[Collected data entries]
##########
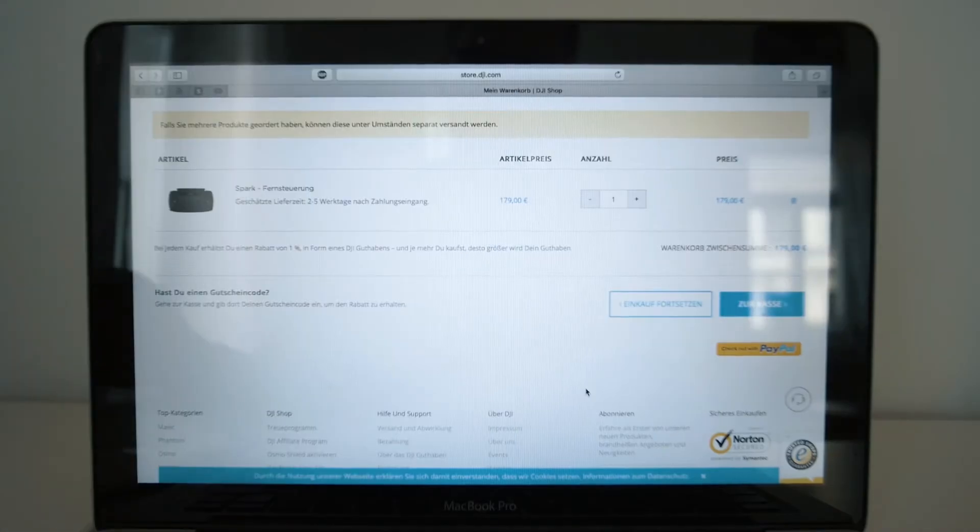This is why I'm going to order the controller right now. Here we are — we've got the controller here. It should be delivered in two to five days. And I'm going to check out with PayPal.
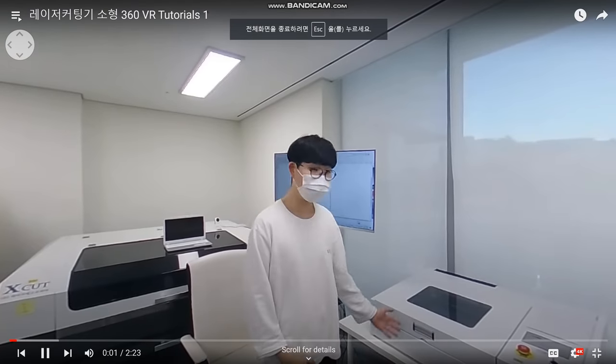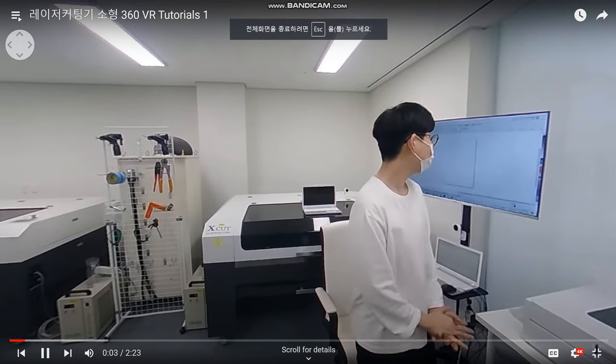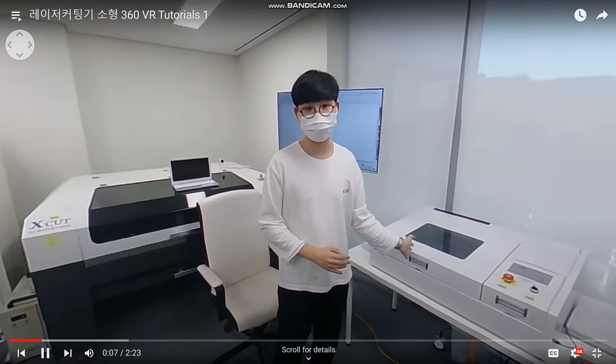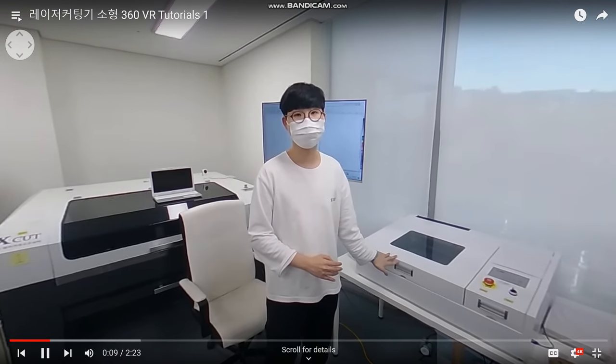Laser Cutting기 Tutorial을 시작하겠습니다. 순서는 소프트웨어 세팅하는 것을 먼저 알려드리고, 그 다음에 하드웨어 세팅, 그 다음에 출력하는 것을 설명해 드리도록 하겠습니다.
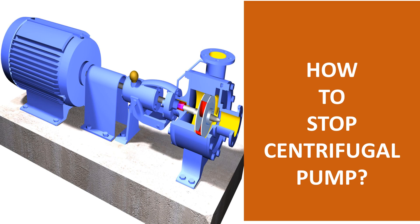They are a subclass of dynamic axisymmetric work-absorbing turbo machinery. The fluid enters the pump impeller along or near to the rotating axis and is accelerated by the impeller, flowing radially outward into a diffuser or volute chamber casing, from which it exits.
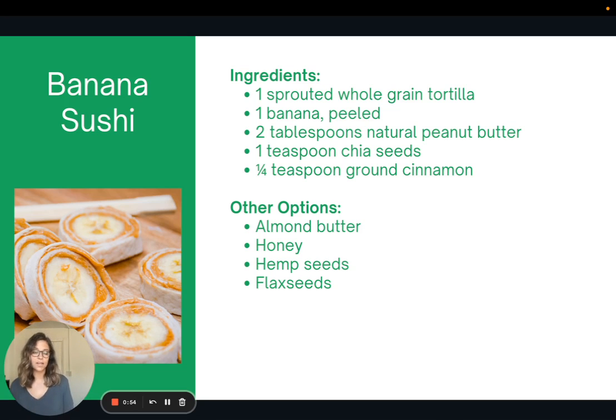There are lots of swaps you could make — different nut butters, different seeds, you could even add honey or different seasonings. So I encourage you to make it your own.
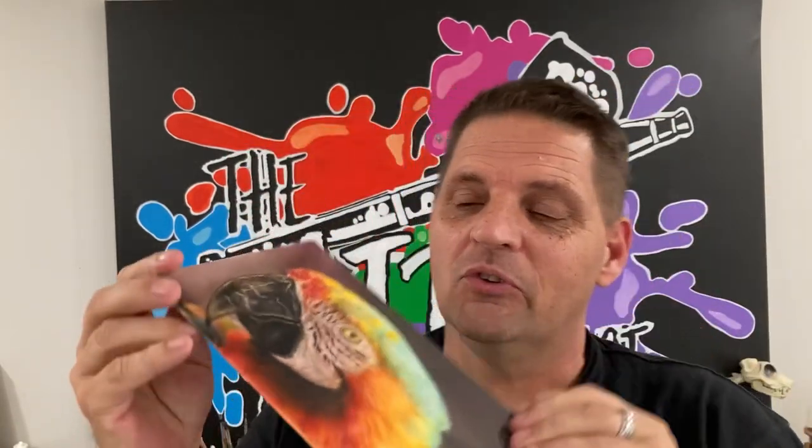They all dry to a matte finish. I painted this little parrot — I'll do a little walkthrough shortly. As you can see, the surface remains completely flat, which can be a really big deal. You get none of that strange feeling, no tackiness on your surface.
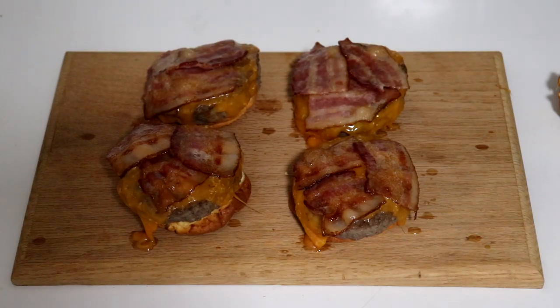The Cheesecake Double Bacon Cheeseburgers just came out of the oven. They smell delicious, they look amazing, and I cannot wait to give them a try.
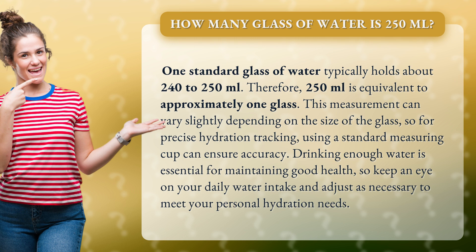Drinking enough water is essential for maintaining good health, so keep an eye on your daily water intake and adjust as necessary to meet your personal hydration needs.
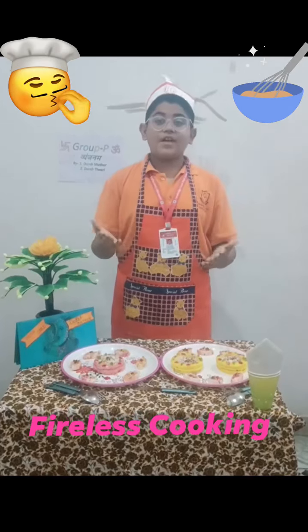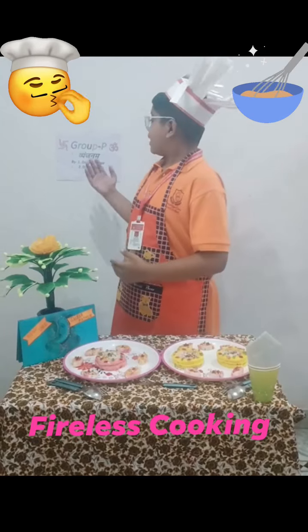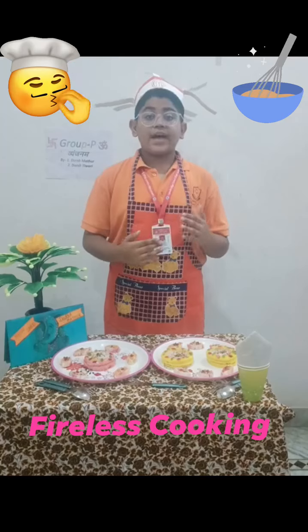If you want to live your life with happiness, first you want to philosophize fully. Namaskar, my name is Darshmatul and today I will be representing myself as Group B Vanginam in culinary art, whose theme is flameless cooking.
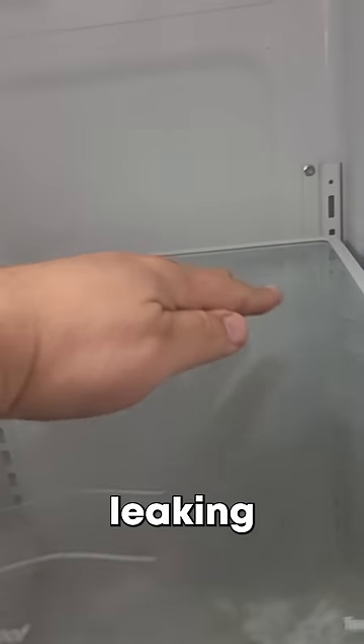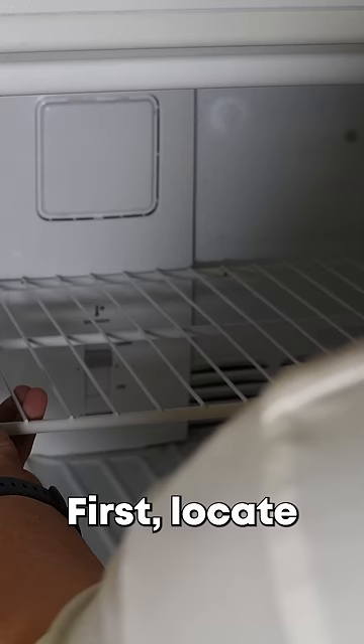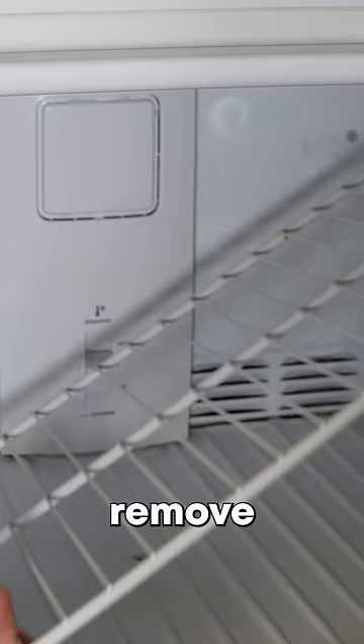Is your refrigerator leaking water inside, or does it have a sheet of ice in the freezer that you can't explain? Let's investigate and fix it. First, locate the metal panel that hides the coils which makes everything cold, which is usually in the freezer. You'll need to remove the panel to inspect the area below the silver coils. Usually there are screws that are hidden behind covers.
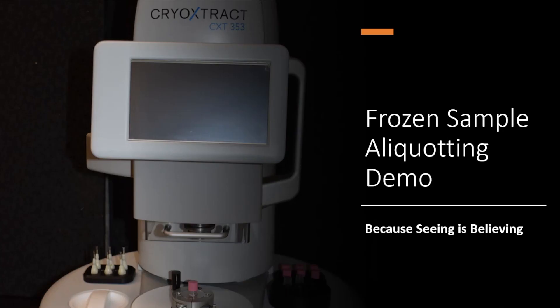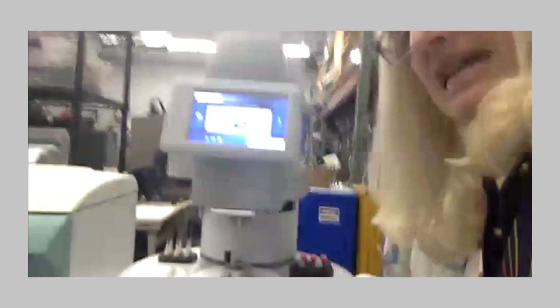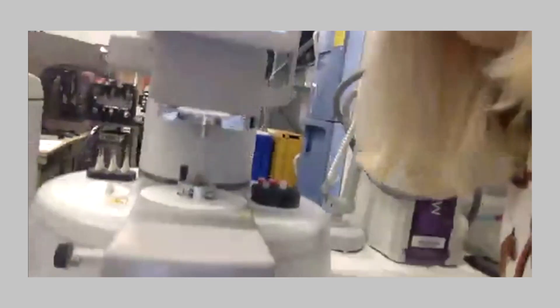I've talked about the instruments, the technology, why we want to do frozen aliquoting, what the benefits are, and what we offer. So now I'd like to do the demo. I'm going to get out of my presentation. Here is the CXT 353. I'm trying to get it to the point where everybody can see. Can everybody see that? That looks pretty good.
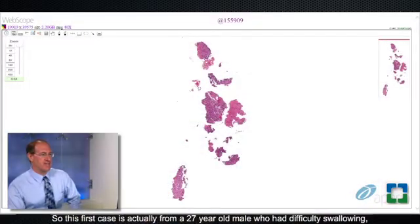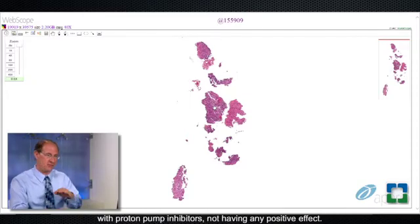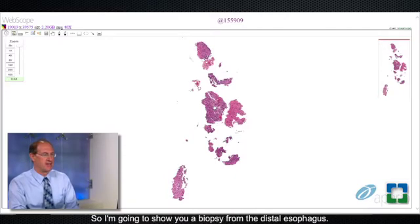This first case is from a 27-year-old male who had difficulty swallowing, some dysphagia. He eventually came to endoscopy after being treated with proton pump inhibitors without any positive effect. I'm going to show you a biopsy from the distal esophagus.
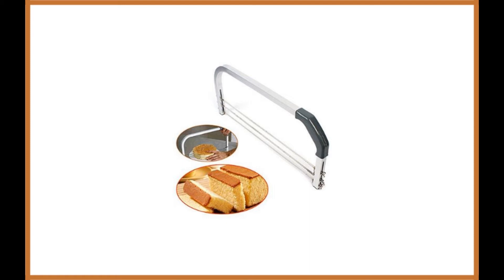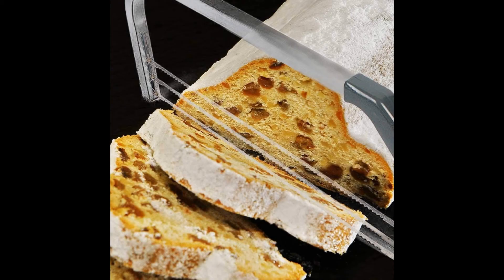This product can be used for various purposes. It is not only a cake leveler, but can also be utilized as a means of cutting cakes and other items with ease.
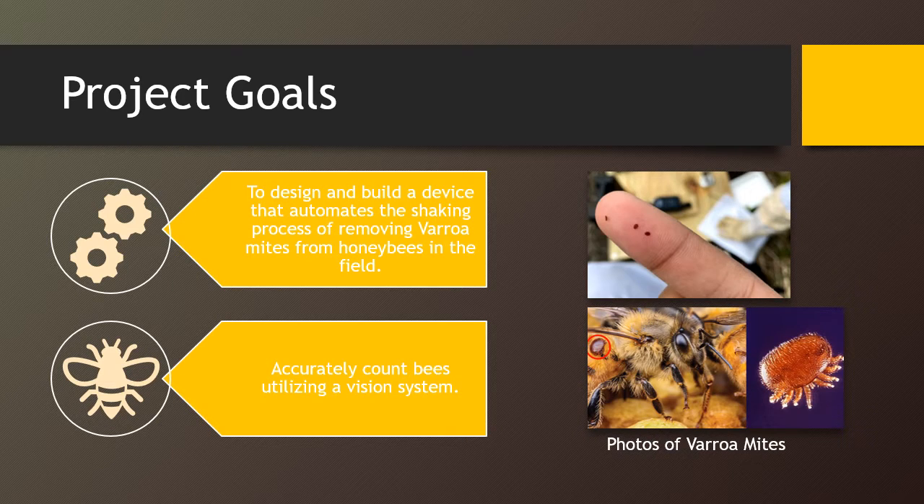This project has important implications because it will make the process of checking bee colonies for varroa mite infestation easier.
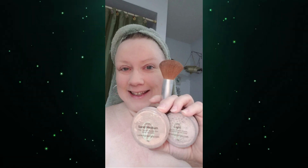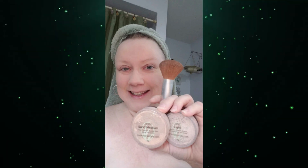After that I used loose mineral foundation in Sand Medium and the light cover.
##########
(WHAT THE TASK REQUIRES): Since the pictures are not part of the copy, please transcribe only the lines above from the one with "If you want" through the one with "Is your refrigerator", exactly and with both ends.

(RESULT OF THE EXERCISE):
If you want to live your life with happiness, first you want to philosophize fully. Namaskar, my name is Darshmatul and today I will be representing myself as Group B Vanginam in culinary art, whose theme is flameless cooking.
Is your refrigerator leaking water inside, or does it have a sheet of ice in the freezer that you can't explain? Let's investigate and fix it. First, locate the metal panel that hides the coils which makes everything cold, which is usually in the freezer. You'll need to remove the panel to inspect the area below the silver coils. Usually there are screws that are hidden behind covers.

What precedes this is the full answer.